The author has sloppy thinking.
If I text and drive and you don’t I pose a danger to you.
If I am not immunized and you are I do not pose a danger to you.
I was vaccinated against smallpox, measles, whooping cough, and a whole bunch of other diseases as a small child in Hong Kong back in the 1960’s.
Amazing how these ‘vaccination’ threads always seem to attract FR’s ‘house liberals’...
Indeed. As I noted on another thread, Mexico and Central America may be poorer than the US, but they have the advantage of not having a large population of granola-brained hippie nincompoops.
Vaccinations are "only" about 98% effective.
Would it be OK with you if I pointed a fifty-chamber revolver with one bullet at your head and played Russian Roulette? I doubt it.
Because even a 1%-2% risk of death or permanent injury (blindness, deafness, mental impairment, etc) is unacceptable when it can be easily avoided by the application of modern science.
(We have now sunk to a depth at which restatement of the obvious is the first duty of intelligent men)
Your sigline just broke my irony meter.
I never was vaccinated against measles or mumps because I had them, and therefore was immune to them. Also at that time there was no vaccine for them available. I also never had Scarlet fever even though I visited a school friend who had it when I visited her.
Both my sons were immunized against small pox when they were babies and had the measles when they were 10 and 7 years old. That was before measles vaccine was available.
My daughter on the other hand was never vaccinated against small pox even though the vaccine was still available when she was one year old. She came came down with Meningitis when she was seven month old and could not be immunized against it until she was two years old (I knew that and no one had to tell me) By the time she had her second birthday small pox got eradicated
The mercury out of what?
or if you had the measles
The only time I did not like wearing a seat belt was when I was pregnant with my daughter
My father got the flu every year when he was older and died from it. (Actually he bled to death because the hospital was negligent) He had to go to the bathroom and called the nurses station to notify them. No one came so he tore his IV out of his arm and went to the bathroom. The next morning they found him laying dead on the bathroom floor.

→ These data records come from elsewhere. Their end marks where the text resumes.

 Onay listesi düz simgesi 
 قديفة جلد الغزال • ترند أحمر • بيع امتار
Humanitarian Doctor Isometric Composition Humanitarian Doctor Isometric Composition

As explained above, vaccines are not 100% perfect. By your "logic", an armed opponent does not pose a danger to me if I am wearing body armor.
> As explained above
Where? Your unsourced statistic posted after my post?

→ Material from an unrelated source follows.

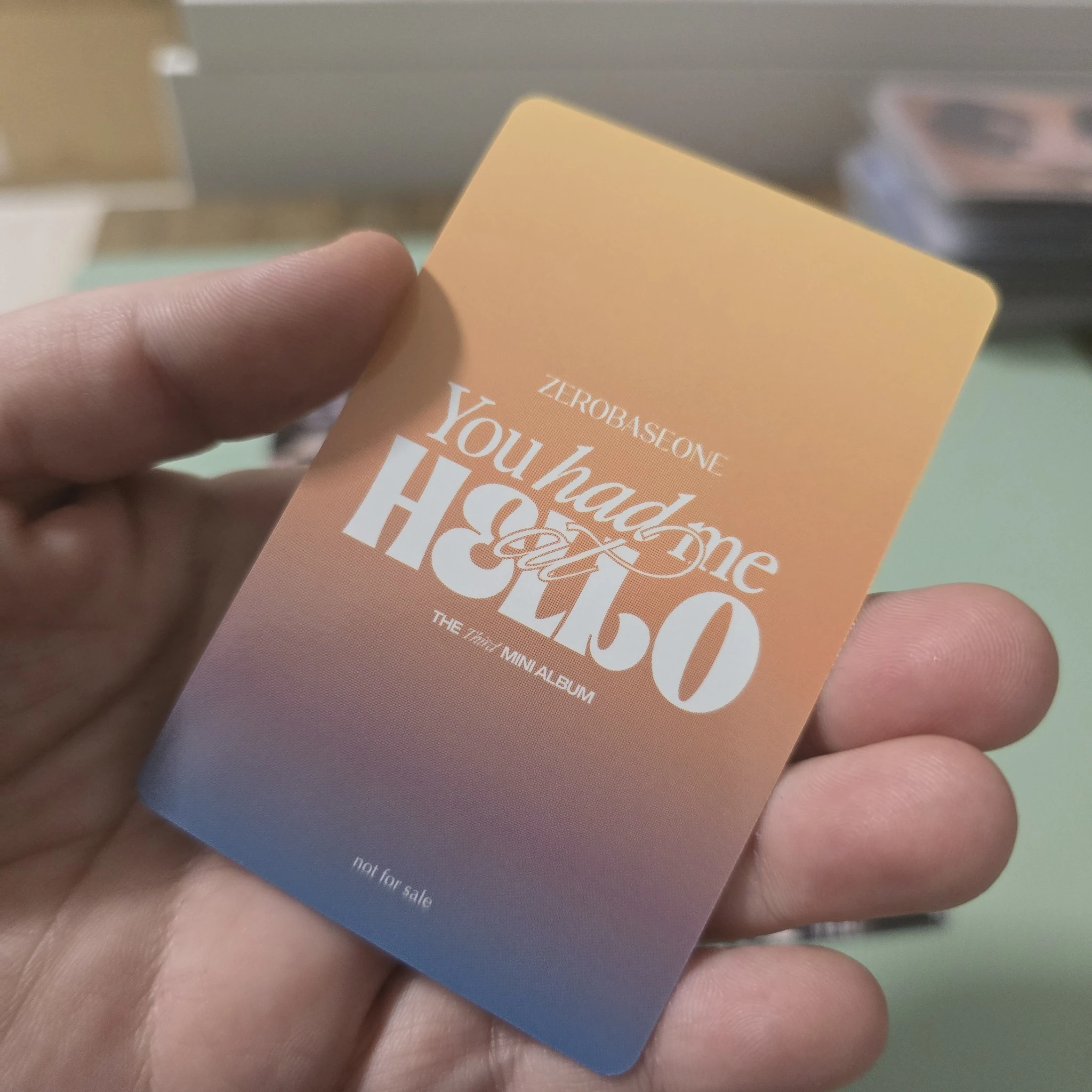 ZEROBASEONE Gunwook ZEROBASEONE - Gunwook - You had me at HELLO Album tower records lucky draw listing photo 2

It could not be given to babies before they were one year old. Also it could not be given if the baby had a serious illness during it's first year (See my post#47) or if the baby or child had a serious skin infection. You had to wait an extra year
Actually you are, because you are not paying attention to your surroundings
If I am not immunized and you are I do not pose a danger to you.

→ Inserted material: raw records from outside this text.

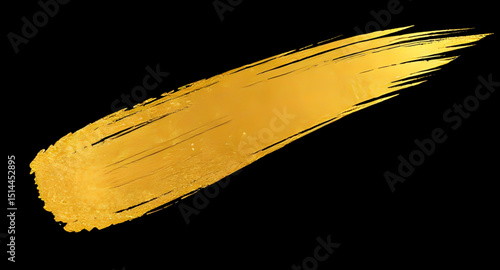 gold brush stroke vector illustration, metallic paintbrush vector, shiny gold stroke illustration, golden watercolor brush vector, gold artistic brush clipart, metallic brush stroke clipart, golden pa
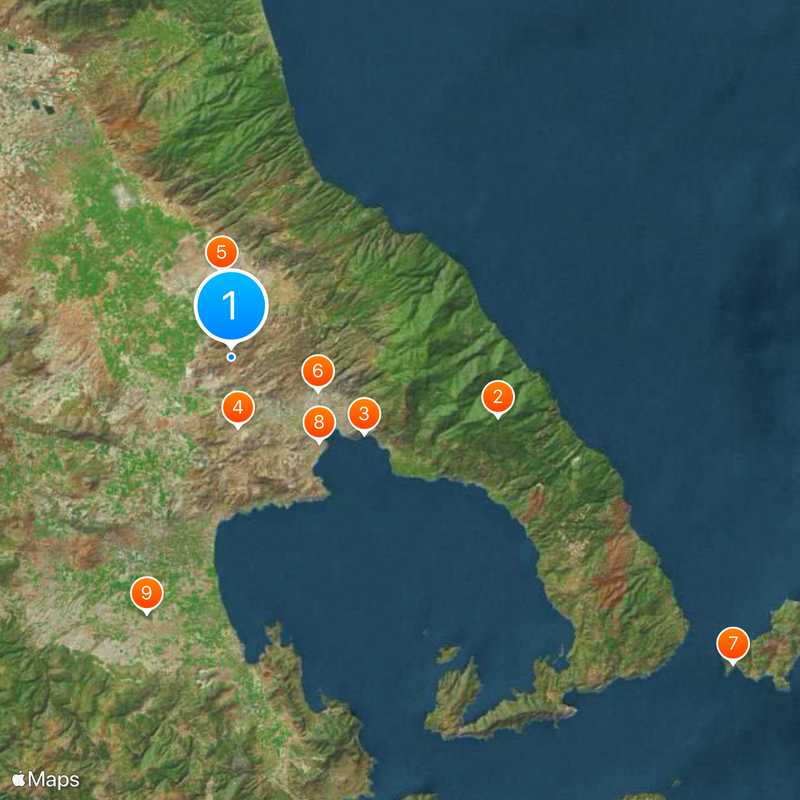 Magnesia Regional Unit Map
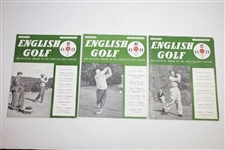 1951 & 1952 'English Golf' Golf Magazines - Thirteen (13)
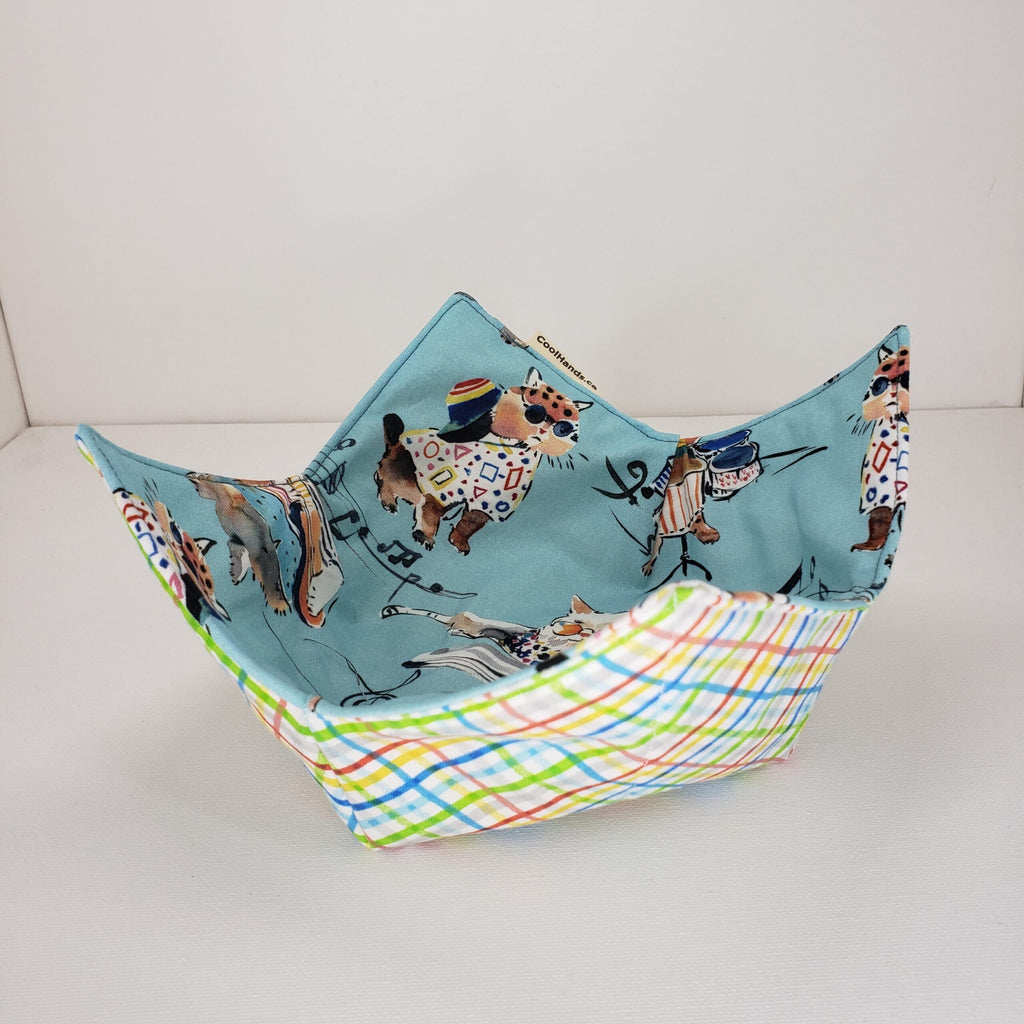 100% Cotton Microwavable Bowl Cozy - Hep Cats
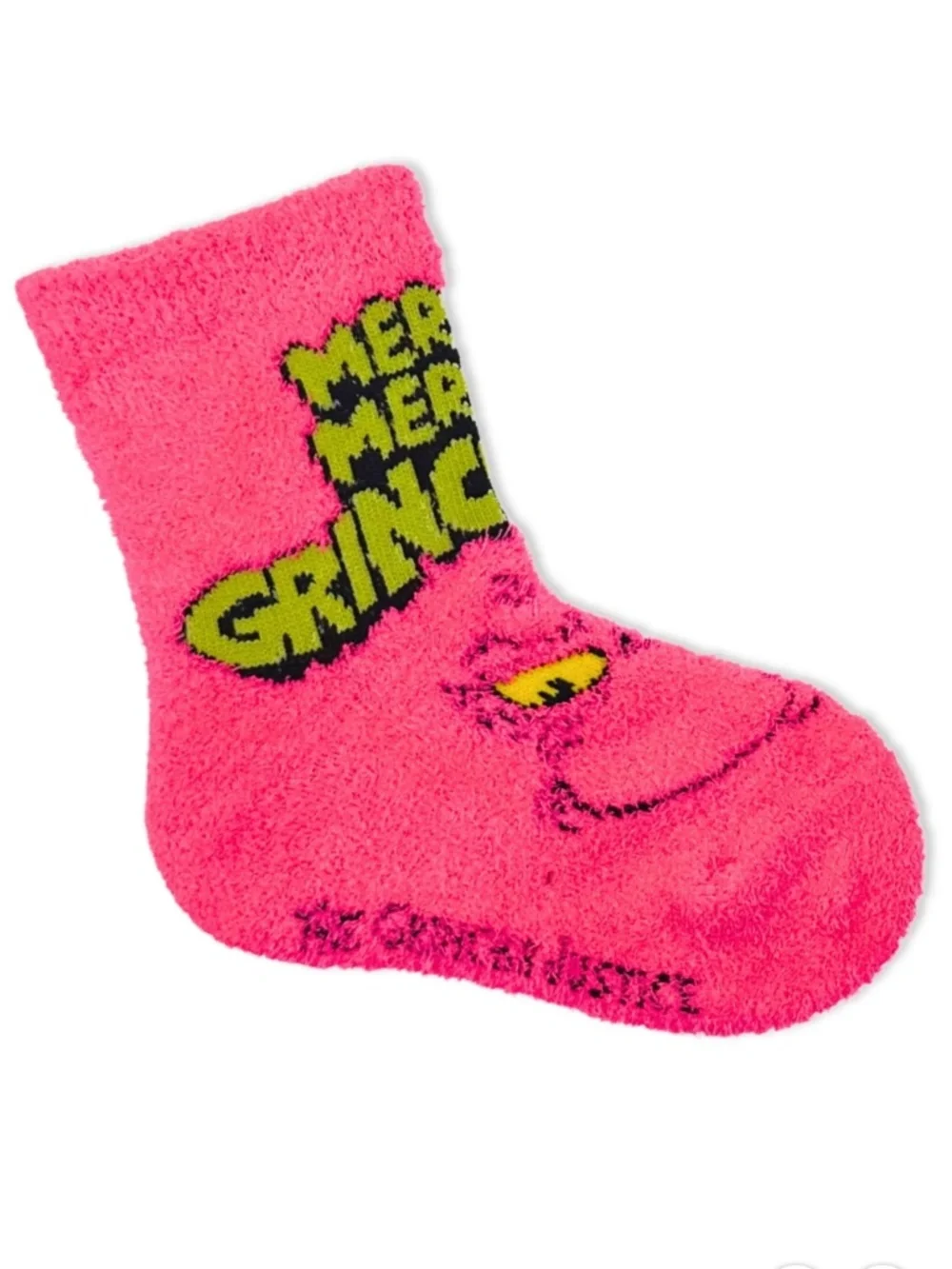 The Grinch Girls 2 PK Socks Size M/L NWT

But you do to those that are not immunized and they do to you
Isn’t 98% effectiveness better than getting not vaccinated at all?
re-read: “I pose a danger to you”
> But you do to those that are not immunized and they do to you
MY choice. THEIR choice. NOT YOUR CHOICE TO IMPOSE.
Some are, some aren’t.
The people who put out the recommendations have done a very poor job explaining the difference between MMR and polio on the one hand, and Gardasil and Hepatitis B on the other (not to mention Zostavax).
By hitching their wagon to vaccines for lifestyle diseases, or to vaccines that do not always prevent the diseases in question, they have misused their authority and allowed distrust to grow up.
MMR, polio, and DPT vaccines have saved literally millions of lives. The role of other vaccines in one’s life, or the life of one’s children, is less clear.
One size does not fit all.
The point is that nitwit anti-vaxxers (but I repeat myself) do pose a danger even to those who got their shots.